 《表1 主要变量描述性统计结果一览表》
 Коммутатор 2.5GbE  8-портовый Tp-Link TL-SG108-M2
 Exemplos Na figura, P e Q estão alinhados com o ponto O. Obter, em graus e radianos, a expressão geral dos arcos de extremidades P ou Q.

▸ Exercise description:
Your answer should be the data above, retyped exactly.

▸ Task solution:
 《表1 主要变量描述性统计结果一览表》
 Коммутатор 2.5GbE  8-портовый Tp-Link TL-SG108-M2
 Exemplos Na figura, P e Q estão alinhados com o ponto O. Obter, em graus e radianos, a expressão geral dos arcos de extremidades P ou Q.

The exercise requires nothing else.